WORK TASK
Leave the pictures out. Return all other data exactly.

GIVEN DATA

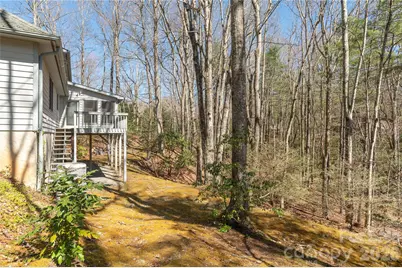 221 Timberlane Drive, Pisgah Forest, NC 28768 - Photo 32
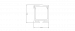 602e543e2392a
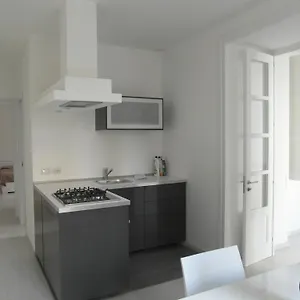 casa-umberto-i-catania.sicilyhotelsitaly.net/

ANSWER TO THIS TASK
 221 Timberlane Drive, Pisgah Forest, NC 28768 - Photo 32
 602e543e2392a
 casa-umberto-i-catania.sicilyhotelsitaly.net/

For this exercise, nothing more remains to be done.